Es gibt hier begleitend eine stillgelegte Bahnstrecke, die als Wanderweg ausgebaut ist. Wahrscheinlich hätten wir sie nehmen sollen. So müssen wir uns etwas abmühen, erreichen aber bald Crèvecoeur-le-Grand. Ein Wallfahrtsort wie der Name schon vermuten lässt. Das Städtchen sieht recht nett aus, wir fahren aber nur durch, da wir den Nachmittag in Beauvais verbringen wollen.

Hinter Crèvecoeur geht es auf einer gut ausgebauten und stärker befahrenen Straße weiter über eine Art Hochebene, die kontinuierlich in Richtung Beauvais abfällt. Man hat einen weiten Fernblick. Und wir nehmen eine erhebliche Geschwindigkeit auf. Bald kommen die Türme von Beauvais in Sicht.

Wir bummeln durch das Stadtzentrum, bewundern die Fachwerkhäuser, und erledigen ein paar Einkäufe. Irgendwann treffen wir auf die Touri-Info. Tatsächlich gibt es in der Nähe von Beauvais keinen Campingplatz. Der nächste liegt in Besles – 15 km in die falsche Richtung. Das ist uns zu weit. In unserer Richtung liegt der nächste noch weiter entfernt. Trotzdem entschließen wir uns dazu, den aufzusuchen.

Zunächst einmal besuchen wir aber noch die spektakuläre Kathedrale. Es steht nur der Chor. Aber die meisten anderen Kathedralen würden da reinpassen. Weiter ist nicht gebaut worden, da von Anfang an Einsturzgefahr bestand. Heute wird sie von riesigen Stahlkonstruktionen gehalten.

Da es nun schon nach 18 Uhr ist, brechen wir auf. Der Übernachtungsplatz liegt in Le Coudray Saint-Germer. Unser Navi wird uns da schon irgendwie hinbringen. Außerdem haben wir in der Touri-Info einen Radwegplan bekommen. Wir folgen einem davon, der so etwa in unsere Richtung führt. Nachdem wir durch einige Dörfer gekurvt sind, fahren wir durch den Wald auf einem Weg, der irgendwie nach Bahnradweg aussieht. Jedenfalls ist er gut ausgebaut und führt durch relativ ebenes Terrain.

Wir kommen am Parc Saint-Paul vorbei. Ein riesiger Vergnügungspark, der praktischerweise gerade schließt, als wir vorbeikommen, so dass wir uns durch eine Menschenmenge schieben müssen, die auf dem Weg zu den Parkplätzen ist. Daneben befindet sich ein ebenso riesiges Einkaufszentrum, in dem wir uns mit dem versorgen, was wir am Abend kochen wollen. Und dem nötigsten für das Frühstück.
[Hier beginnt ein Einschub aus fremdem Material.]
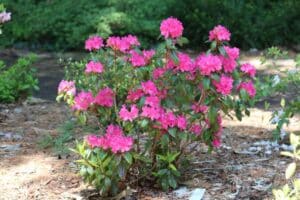 Rhododendron 'Landmark' 1294-2005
Wir folgen dem Radweg weiter, weil er sich so gut fährt. Er führt zwar nur in etwa in unsere Richtung, aber immerhin. Erst bei La Chapelle-aux-pots biegen wir ab Richtung Saint-Aubin-en-Bray. Es geht sanft aufwärts. Als unser Navi meint, dass es nicht mehr sehr weit sei, baut sich vor uns ein Berg auf. Sollen wir da etwa noch drüber? Vor uns sehen wir die Straße, die die Steigung mit einer langgezogenen S-kurve nimmt. Weiter und weiter geht es nach oben. Le Coudray liegt nicht auf der anderen Seite, sondern oben drauf. Als wir den Ort erreichen, ist es schon spät.
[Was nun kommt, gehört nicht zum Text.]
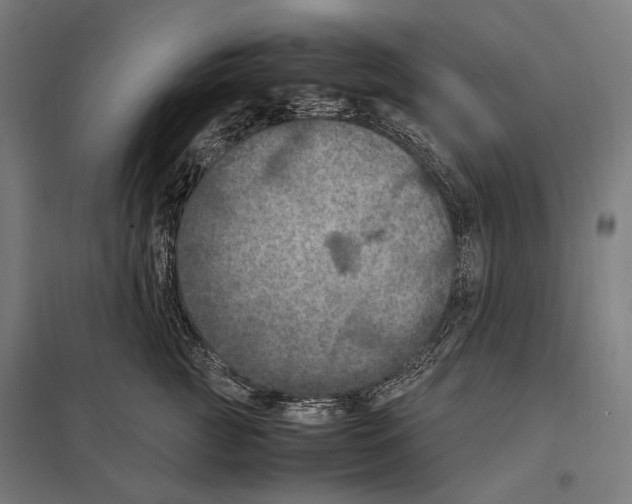 X0000097600761200803280951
Im Dorf gibt es einen Wegweiser Richtung Camping à la Ferme. Ein passendes Schild hängt irgendwann an einem Tor. Das Gras auf dem Weg dahinter ist etwa einen Meter hoch gewachsen. Wir arbeiten uns durch. An einer Hütte hängt ein Schild mit „Reception“. Aber es ist niemand zu sehen. Auf dem Platz gibt es etliche leere Stellplätze mit Hecken drumherum. Die meisten sind nicht gemäht. Auf etlichen lagert Müll. Auf der anderen Wegseite gibt es die üblichen Mobilhomes. Zwei sind belebt. Eine Frau erklärt uns, wir sollten uns nur einfach niederlassen. Vielleicht käme irgendwann jemand, vielleicht auch nicht. Auf jeden Fall würden wir niemanden stören.

Leider haben wir kein Benzin mehr. Können also nicht kochen. Als unsere Nachbarin das feststellt, bringt sie uns einen Topf Tomatensuppe. Dazu haben wir Baguette und Käse. Auf der Parzelle stehen zwei Gartenstühle. Wir machen es uns gemütlich. Natürlich nicht vor dem Duschen. Wir finden ein kleines Sanitärhäuschen, das überraschend liebevoll gestaltet ist. Nach einer heißen Dusche sieht sowieso die Welt gleich ganz anders aus.